A new book seeks to help Orthodox parents and educators to return wayward children to the path of strict religious observance. Faranak Margolese, the author of "Off the Derech: Why Observant Jews Stop Practicing Judaism, How to Respond to the Challenge," says that after six years of research she has figured out how to respond to the growing phenomenon in religious communities worldwide.
Margolese says it is the religious communities themselves that are to blame.
"The number of people leaving Orthodoxy continues to increase," she says, "and there's a misconception that people are running to the outside world. But really, they're running away from their world and their communities."
"Off the Derech" is targeted at an observant audience, with Yiddish phrases and terms such as frum (observant) or Yiddishkeit (Jewishness), though a glossary is provided.
"I wanted to give parents, educators and community leaders something to help explain this trend," said Margolese, 33, who immigrated to Israel two years ago. "Orthodox parents feel that it is a great failure if their kids don't follow in their path."
Margolese says it was as a single woman in Manhattan that she realized that most of her friends "used to be" observant and knew others who had left strict Orthodoxy. She expanded her research to rabbis, psychologists and community leaders and commissioned a survey of about 600 people who left their Orthodox way of life.
Margolese grew up in Los Angeles to Persian immigrants in a traditional Sephardi home that celebrated Shabbat but also watched television on Friday night. She fully entered the Orthodox world, she says, when she met her husband.
"People who leave Orthodoxy do so more because of negative experience in the Orthodox world than because of their beliefs," Margolese has concluded.
"The problem is that there are rigid visions of what the next generation should look like," she says. "Modern Orthodox parents want their children to be modern Orthodox and Hasidic parents want their children to be Hasidic. There isn't really much flexibility."
Margolese quotes many formerly observant people as calling the religious way of life "hypocritical," "closed-minded" and "intolerant".
"If Orthodox Judaism was lived the way it was supposed to be lived, we wouldn't see these high numbers in our community," she says. "The best way to prevent people from leaving is to really live Jewish ideals the way they are supposed to be lived."
"Instead of looking outside and saying it's TV, internet or the secular world, we need to look inside, at our own communities, schools, and families to make sure that we've created a positive feeling that keeps our children inspired," she says.
While the book's title suggests that there is a single right path, Margolese insists it is not judgmental. "There's nothing wrong with leaving Orthodoxy," she insists. "People obviously need to make judgments about how to lead their life. It is natural to withdraw from something that is painful or uncomfortable in your life. But I think that it's unfortunate for the Jewish people."

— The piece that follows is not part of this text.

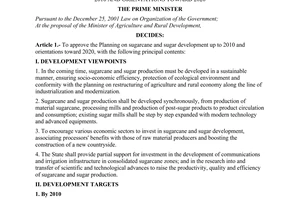 Decision No. 26/2007/QD-TTg of February 15, 2007 approving the planning on sugarcane and sugar development up to 2010 and orientations toward 2020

"Off the Derech" has received positive reviews from several high-profile rabbis, including Hershel Schachter of New York's Yeshiva University and Zev Leff, a leading ultra-Orthodox figure in Israel's English-speaking community.
Margolese says the religious community has begun to face the phenomenon, despite what she calls the "shame" felt by many families whose children have "strayed."
"Communities are responding, there are far more materials available than before and more organizations are dealing with the problem."
She admits, however, to "resistance" from certain rabbis who asked not to be associated with the book after they were interviewed for it. Margolese declines to provide names.
"There were religious figures who objected to [my suggestion] of giving children religious leeway," she said. "I argued that parents and educators need to address emotional needs before religious needs."
In searching for publishers, in fact, she had to look past traditional houses such as Artscroll or Feldheim. Without the support of rabbinic leaders, she said, the subject matter was deemed too controversial. She settled on Devora Publishing, a small house with offices in New York and Jerusalem.
"The religious community is thirsty for this kind of information," Margolese added. "This is one of the major issues in the Orthodox world and people want answers."